Posted on March 13, 2006 in Peace Silicon Valley
Croatian and Serbian soldiers were the grizzlies for this Timothy Treadwell. I think of the scene in Grizzly Man where Treadwell dances around hurling epithets at the National Park Service and overinflating his role in “protecting” the bears from poachers who never showed. I went because I thought I had had a leading to do so. I had never seen a war and I felt that I was obligated by my peace activism to do so. So, in other words, I became a peace tourist, a variety of person who whooshed into the country and out again, never really experiencing the real deprivation of war, in which your country comes under attack and is occupied by a foreign power.
It’s a bit like my not knowing what it is like to have been raped but thinking I can understand by being in the same room where a rape once occurred. It’s not quite as distant as, say, Civil War tourists who go to the old battlefields, pose next to a cannon, and think they can conceive of what it was like to stand in a horizontal cascade of minie ball fire splashing through the atmosphere. You don’t have the patriotism, you don’t have the fear for your loved ones. Like all born-in-the-USA-Americans, I have no idea what it means to live under occupation or have a foreign army crash into my country, slashing power lines, water pipes, sewer mains, and post office trucks as they arrive.

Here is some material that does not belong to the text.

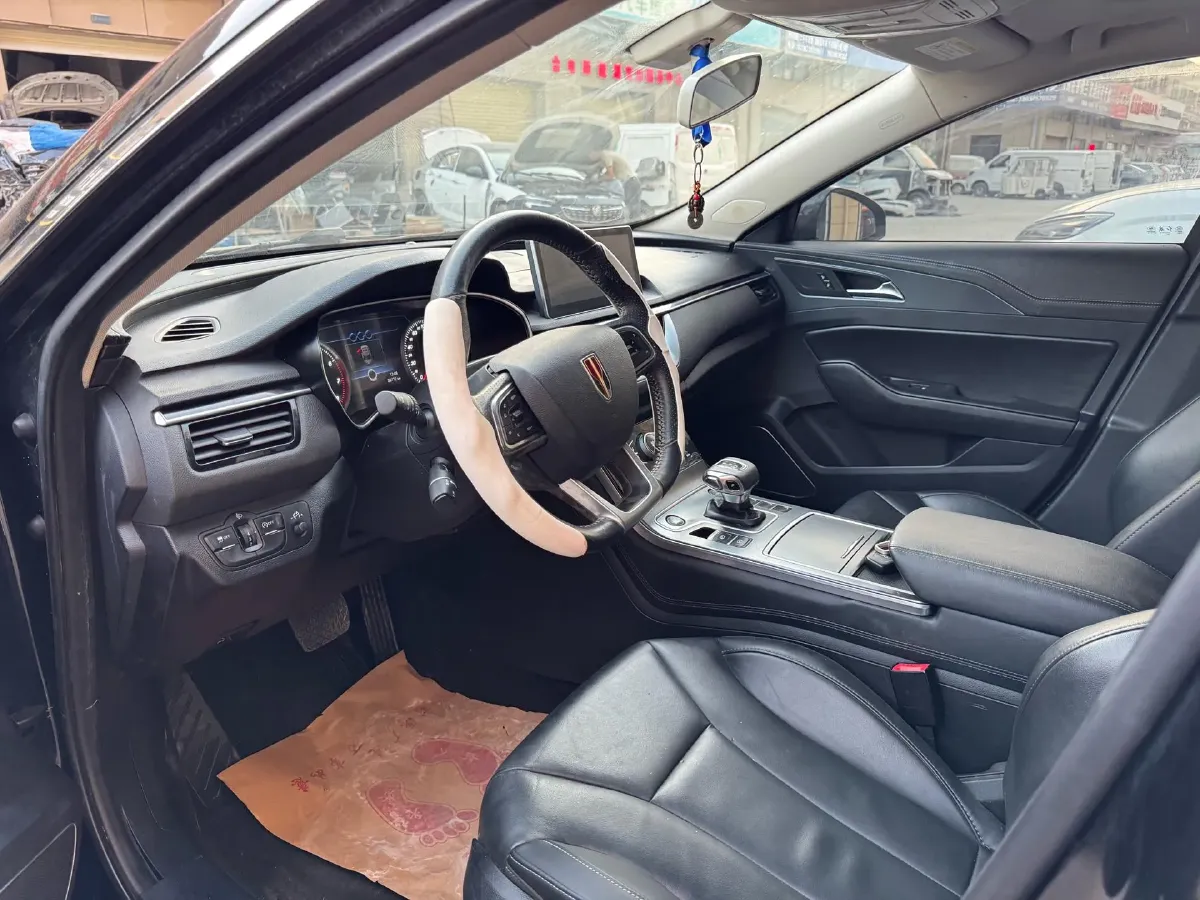 2020 HongQi H5 1.5T 169HP L4 7DCT,autocango,china used car exporter,china ev exporter,chinese used car exporter,chinese used ev exporter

In my mania, I thought I could. I saw the vestiges, spent one night in a city where a single shell or house bomb exploded near me. Heard machine gun fire. Saw soldiers and a woman mangled by shrapnel. Saw the sunken eyes and the shaking shoulders. Had AK-47s pointed at my belly. And yet, I never grasped what it was all about.
Treadwell said that you had to be careful because they would eat you. I went into a country where I could have gotten shot, full of facts and fuller of theories when I left. But this savior could not save the peace movment because he could not understand the war as those who had sprouted from that soil did. I was a foreigner and damned lucky that I broke at home, before I could be stuffed and returned in a plastic bag.